In another overloaded painting, we see O Louis Guglielmi depicting an oil derrick with a portrait of Lenin propped against it. This was a footnote to the events of 1934, when oil man Nelson Rockefeller ordered the destruction of Diego Rivera’s mural Man at the Crossroads at the Rockefeller Center in New York, because the artist had included a portrait of Lenin. With fascism on the rise in Europe, there was a quasi-political argument smouldering in the US between the Regionalist art movement – rooted in the depiction of the American countryside and cartoonish images of working-class and black oppression – and the American modernists, such as Stuart Davis, who followed where Europe led. The Regionalists had contradictory followers – some were nationalist or even xenophobic by nature.

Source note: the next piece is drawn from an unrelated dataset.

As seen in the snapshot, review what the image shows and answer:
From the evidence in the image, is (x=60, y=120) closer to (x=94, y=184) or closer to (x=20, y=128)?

Elsewhere in the exhibition we see Philip Guston’s Guernica – Bombardment (1937). In Guston’s response to German and Italian forces “slowly and systematically” bombing every structure in the town, he creates a circular tondo, where a man with a gas mask, an El Greco-like robed man and naked babies radiate out from the horrifying point of explosion.
“To them, the American scene was a dilapidated house with a broken-down buckboard out front and a horse that looked like a skeleton,” said Georgia O’Keeffe, of the trend among US artists of the 1930s for depicting the Depression. In the exhibition the work can seem to be a bit like this. There are a fair few too-noble workers painted with that flat, modernist twist, and faux naïf (or maybe just plain naïve) Harlem Renaissance men and women, to go with Paul Cadmus’s radiant The Fleet’s In!, Alice Neel’s tender, macabre portrait of communist organiser Pat Whalen and Edward Hopper’s glowing peach, amber, red and greys in the nostalgic New York Movie.
The 1930s were the gateway to war – and it’s said we are living them again. Perhaps the lesson to taken from this show is that not all work responding to times of upheaval is uncoded and overtly political. We should decipher the codes of our current art scene for scraps of clues, for when the tipping point came – the cut-off point – where the forearm becomes the wrist, where the wrist becomes a clenched fist.